Once you find the line with "Druga grupa maskarady", transcribe it and all the lines that follow to the end of the data, exactly as written; skip any pictures.

━━━━━━━━━━

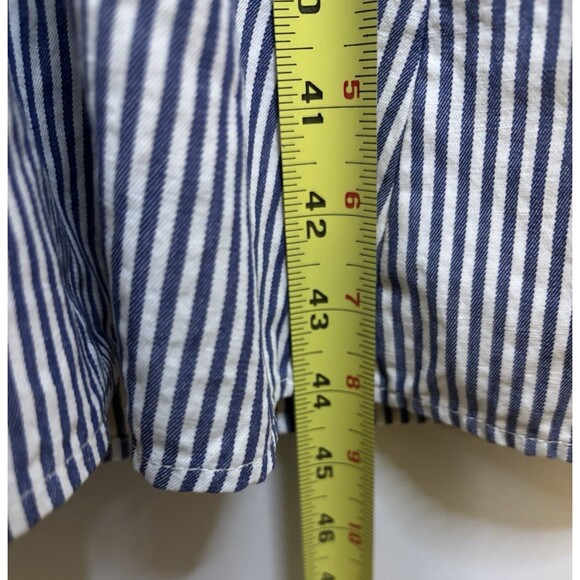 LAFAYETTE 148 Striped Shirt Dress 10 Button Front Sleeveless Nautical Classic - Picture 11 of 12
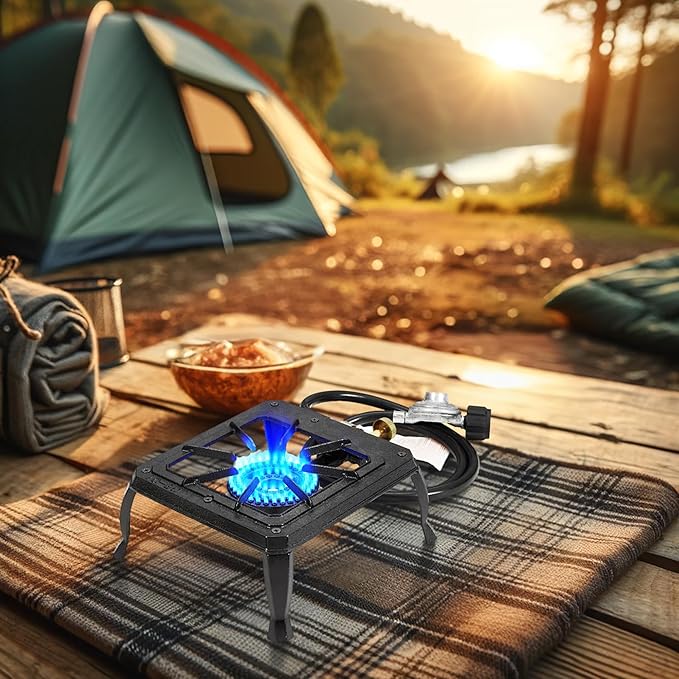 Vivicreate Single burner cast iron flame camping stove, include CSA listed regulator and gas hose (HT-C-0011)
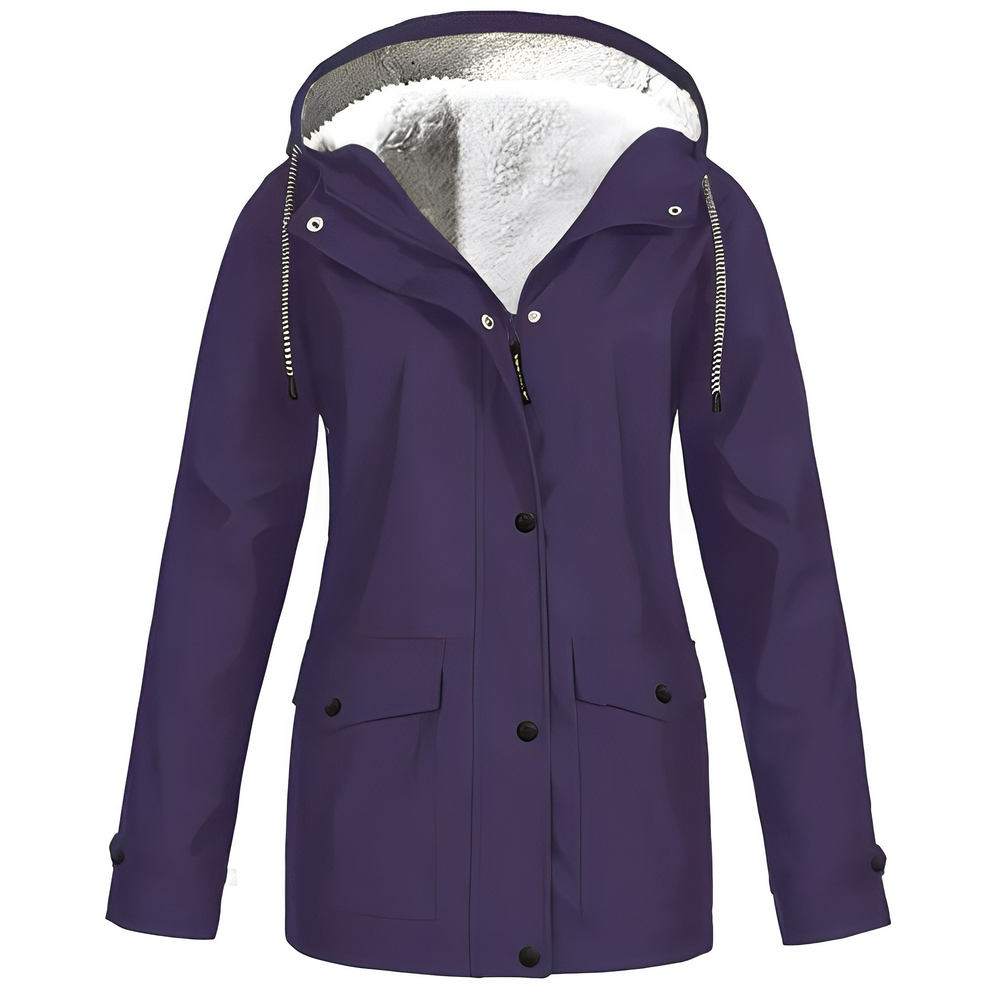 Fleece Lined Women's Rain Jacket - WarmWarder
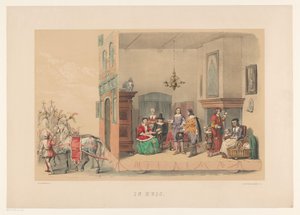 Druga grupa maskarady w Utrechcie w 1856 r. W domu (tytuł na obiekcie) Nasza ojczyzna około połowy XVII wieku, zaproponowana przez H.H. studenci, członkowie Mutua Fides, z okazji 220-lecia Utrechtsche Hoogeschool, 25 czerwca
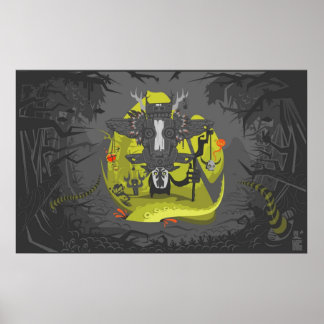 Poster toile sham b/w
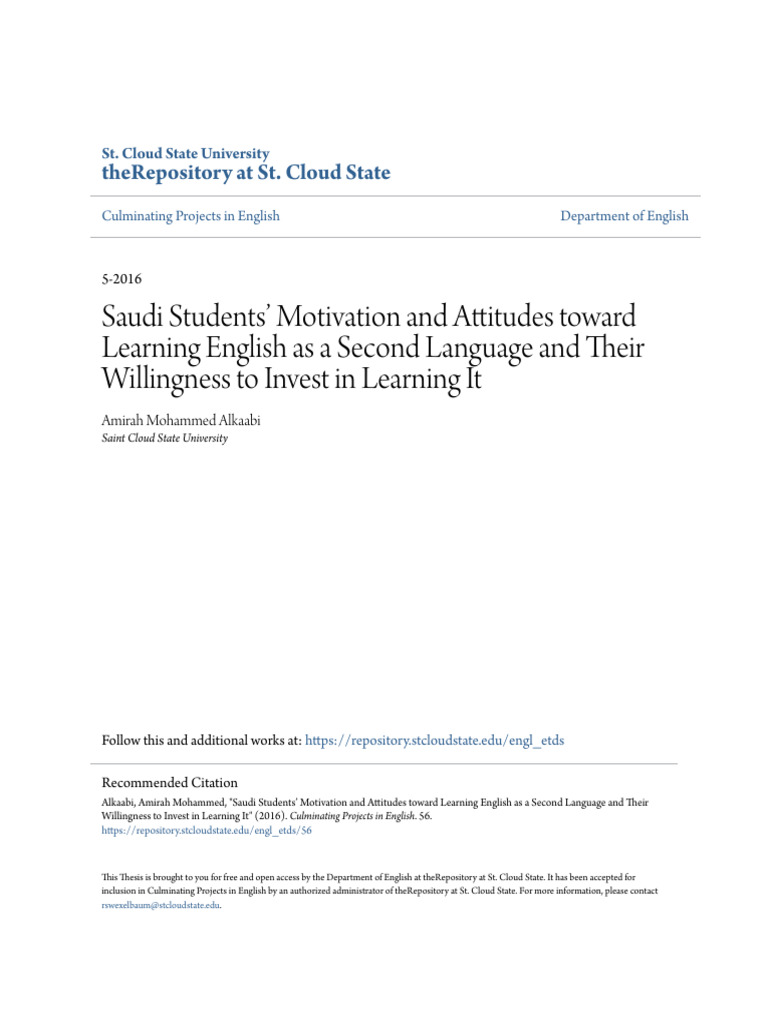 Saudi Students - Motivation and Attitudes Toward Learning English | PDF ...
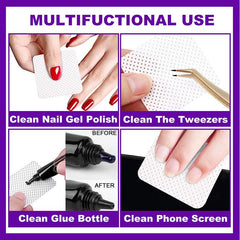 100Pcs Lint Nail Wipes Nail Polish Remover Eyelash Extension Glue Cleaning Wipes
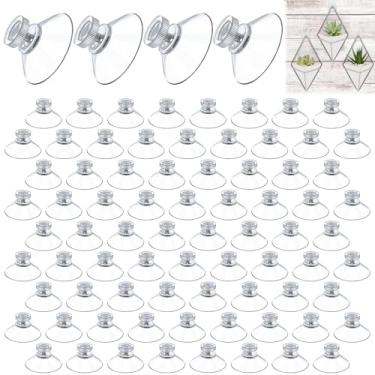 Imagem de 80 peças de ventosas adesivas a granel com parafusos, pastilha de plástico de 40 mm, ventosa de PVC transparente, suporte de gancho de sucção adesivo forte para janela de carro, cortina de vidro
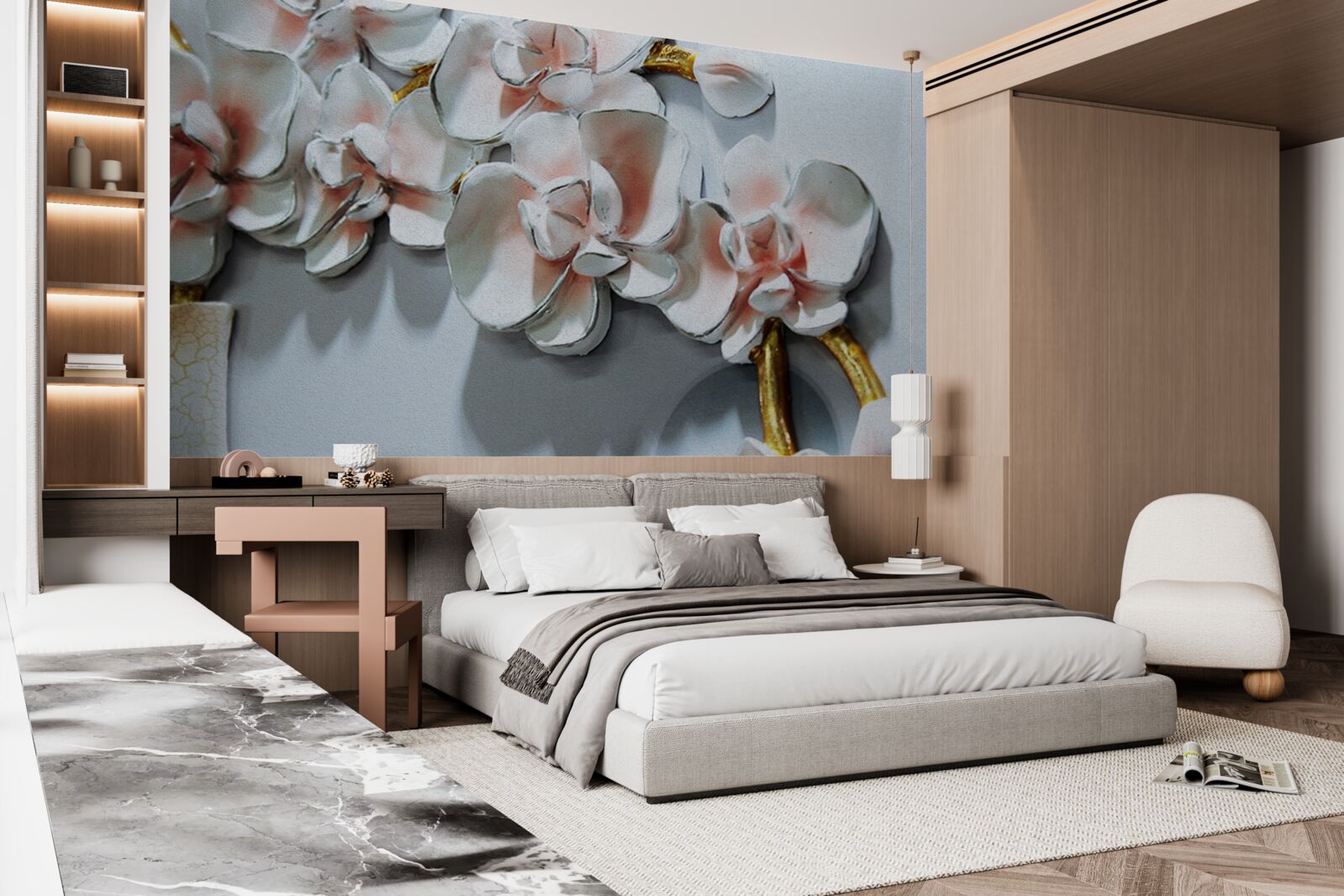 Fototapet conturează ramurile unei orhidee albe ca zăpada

━━━━━━━━━━

--- FINAL ANSWER ---
 Druga grupa maskarady w Utrechcie w 1856 r. W domu (tytuł na obiekcie) Nasza ojczyzna około połowy XVII wieku, zaproponowana przez H.H. studenci, członkowie Mutua Fides, z okazji 220-lecia Utrechtsche Hoogeschool, 25 czerwca
 Poster toile sham b/w
 Saudi Students - Motivation and Attitudes Toward Learning English | PDF ...
 100Pcs Lint Nail Wipes Nail Polish Remover Eyelash Extension Glue Cleaning Wipes
 Imagem de 80 peças de ventosas adesivas a granel com parafusos, pastilha de plástico de 40 mm, ventosa de PVC transparente, suporte de gancho de sucção adesivo forte para janela de carro, cortina de vidro
 Fototapet conturează ramurile unei orhidee albe ca zăpada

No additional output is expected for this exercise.